*** Begin section ***
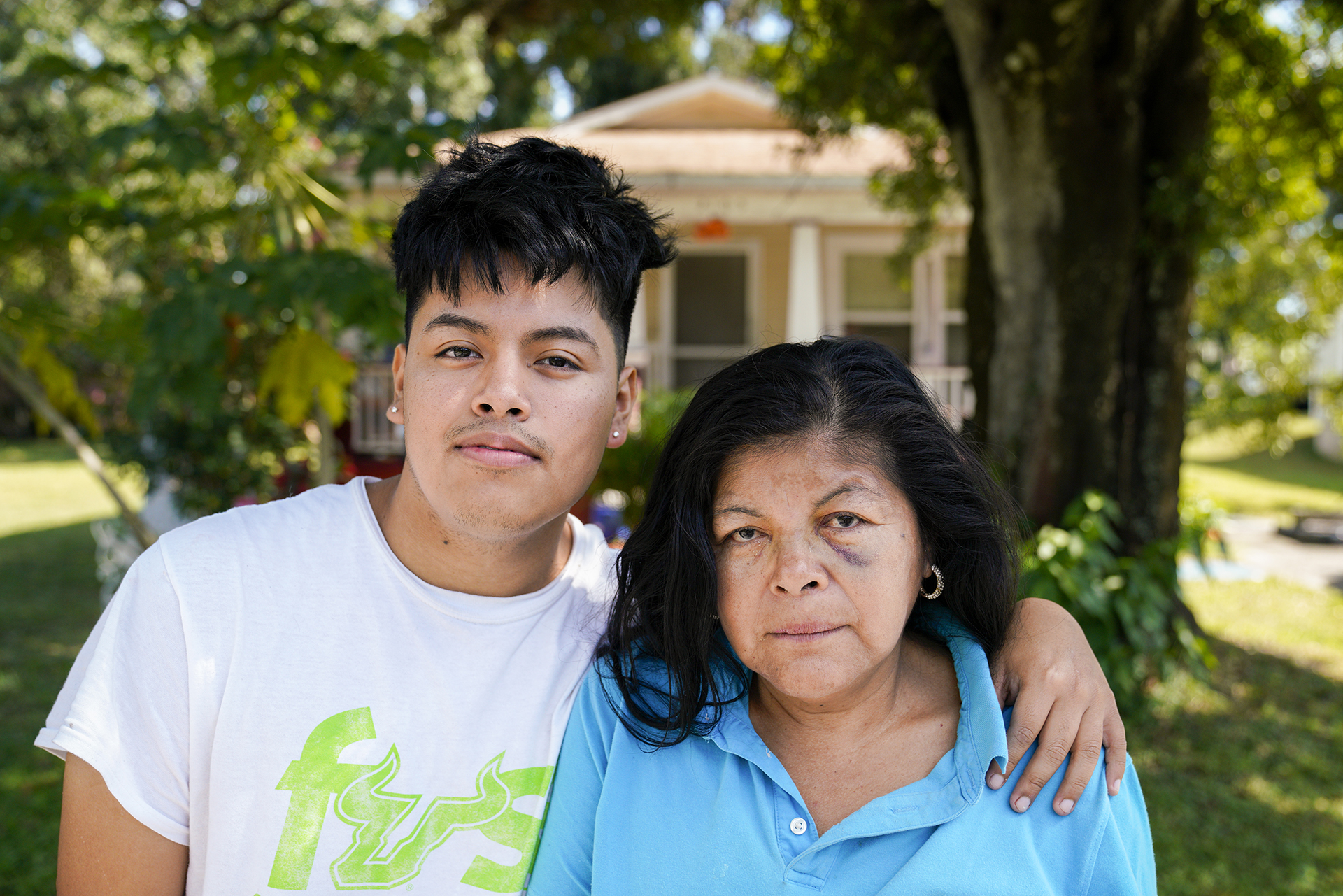 Josefina Zepeda, 56, and her son, Gustavo Araujo, 21, pose for a portrait in front of their home which neighbors the Gopher Resource lead smelter. Zepada says her son developed asthma since they moved to the property and recently his condition has worsened, Monday, Nov. 1, 2021 in Tampa.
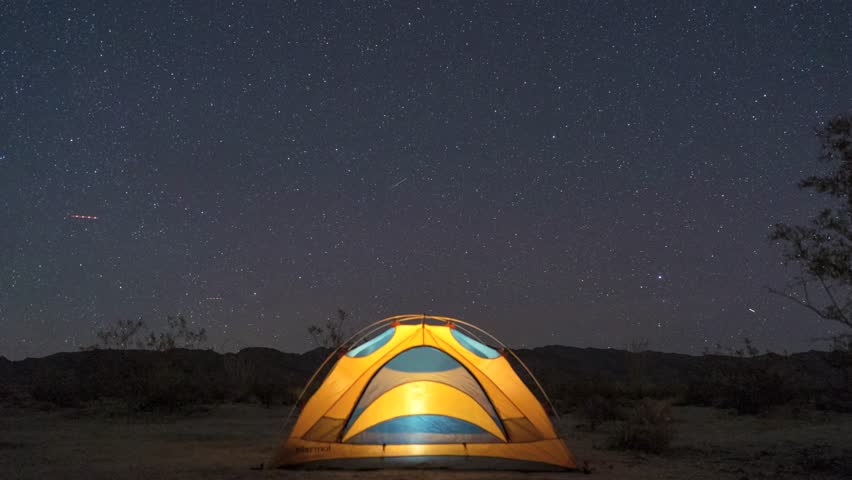 Stars over a Glowing Tent - Time Lapse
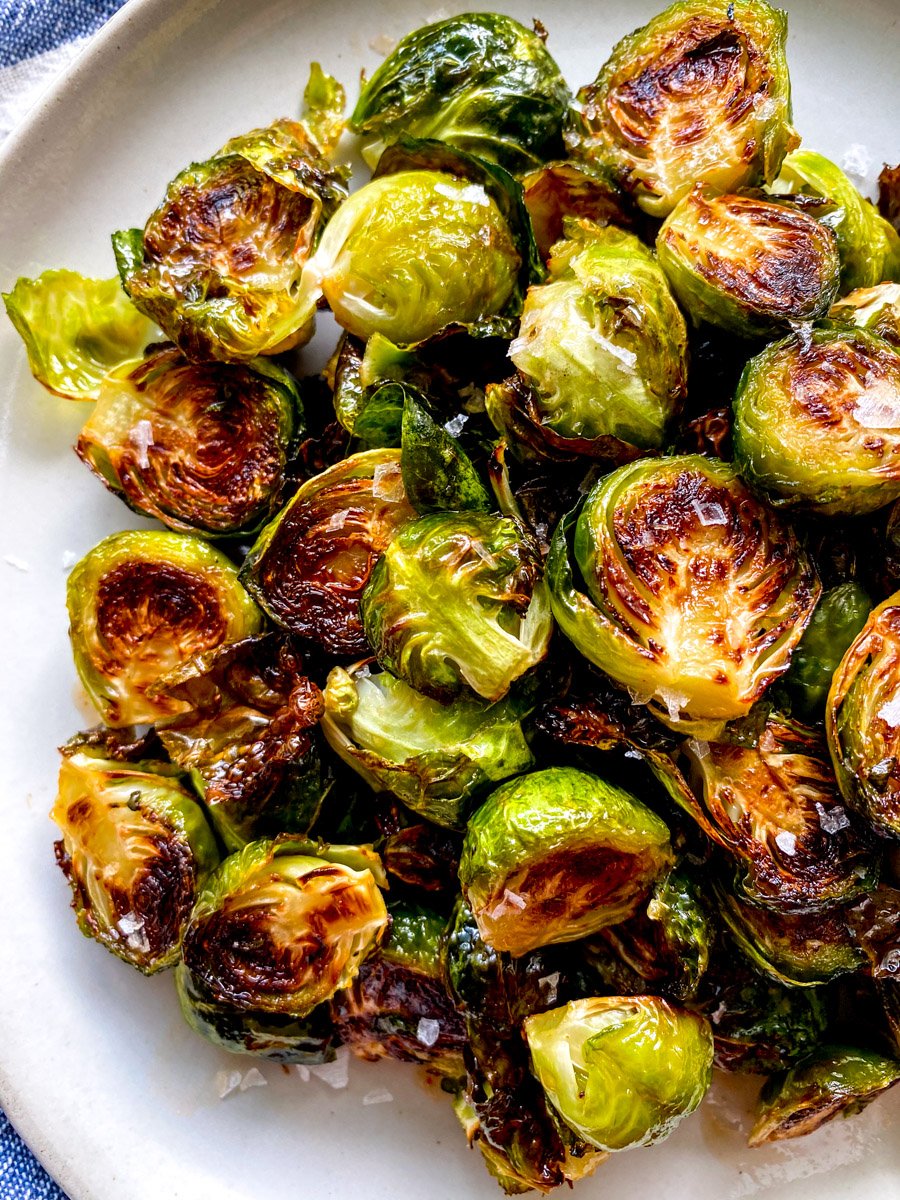 an up close view a plate of roasted brussels sprouts with a sriracha honey glaze.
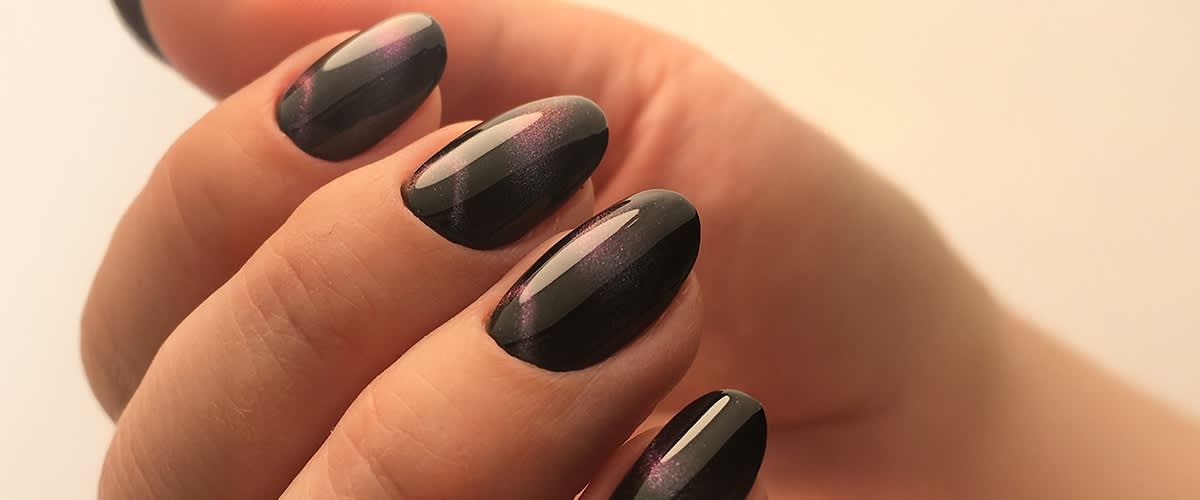 Nahaufnahme einer Hand mit ovalen, dunkel lackierten Fingernägeln, die einen schimmernden violetten Akzent haben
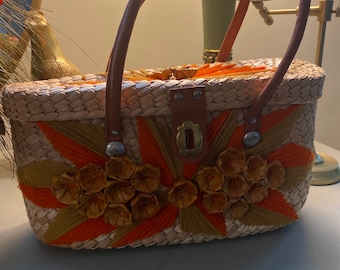 Könnte beinhalten: Eine geflochtene Strohtasche mit einem braunen Ledergriff und einem Verschluss. Die Tasche ist mit orangefarbenen und braunen Stoffblumen verziert.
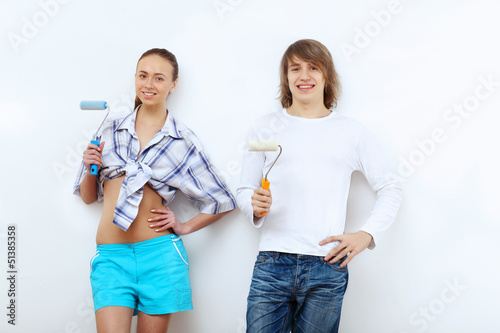 Photo: Couple with paint brushes Couple with paint brushes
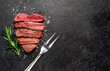 Different degrees of roasting beef steak in the shape of a heart with spices and a meat fork on a stone background with copy space for your text.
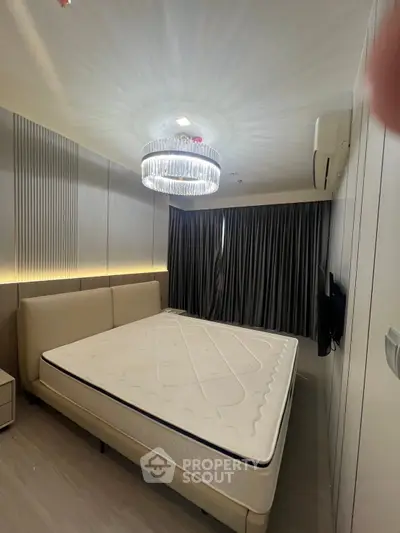 Luxurious bedroom with elegant lighting and modern decor, featuring a large bed and stylish curtains.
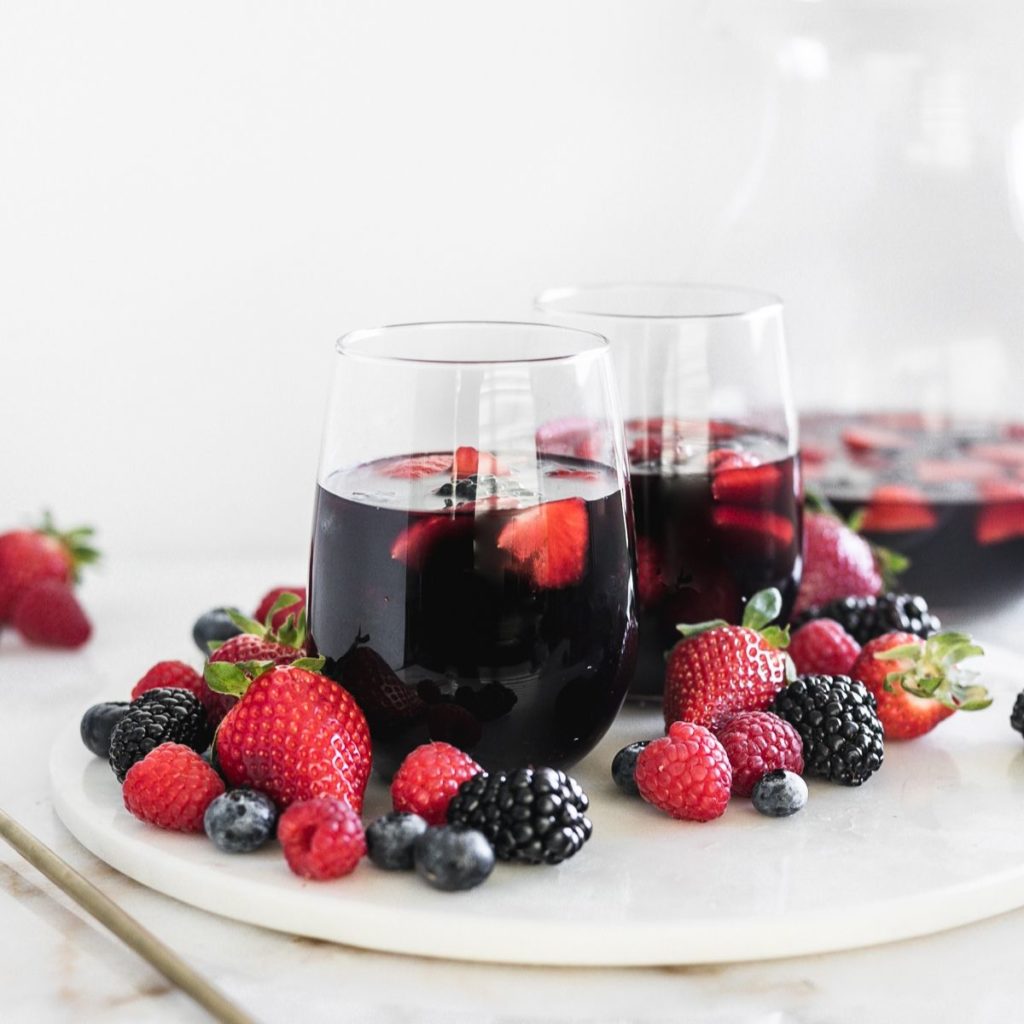 Antioxidant berry Sangrias on a tray with berries.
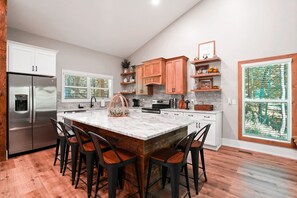A modern kitchen with a large island, bar stools, stainless steel appliances, and wooden cabinetry. - On The Rocks | Hocking Hills, 4BR, Hot Tub (South Bloomingville)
*** End section ***
* _Task requirements_
Your reply is the full set of entries reproduced exactly, with images omitted.

* _Answer below_
 Josefina Zepeda, 56, and her son, Gustavo Araujo, 21, pose for a portrait in front of their home which neighbors the Gopher Resource lead smelter. Zepada says her son developed asthma since they moved to the property and recently his condition has worsened, Monday, Nov. 1, 2021 in Tampa.
 Stars over a Glowing Tent - Time Lapse
 an up close view a plate of roasted brussels sprouts with a sriracha honey glaze.
 Nahaufnahme einer Hand mit ovalen, dunkel lackierten Fingernägeln, die einen schimmernden violetten Akzent haben
 Könnte beinhalten: Eine geflochtene Strohtasche mit einem braunen Ledergriff und einem Verschluss. Die Tasche ist mit orangefarbenen und braunen Stoffblumen verziert.
 Photo: Couple with paint brushes Couple with paint brushes
 Different degrees of roasting beef steak in the shape of a heart with spices and a meat fork on a stone background with copy space for your text.
 Luxurious bedroom with elegant lighting and modern decor, featuring a large bed and stylish curtains.
 Antioxidant berry Sangrias on a tray with berries.
A modern kitchen with a large island, bar stools, stainless steel appliances, and wooden cabinetry. - On The Rocks | Hocking Hills, 4BR, Hot Tub (South Bloomingville)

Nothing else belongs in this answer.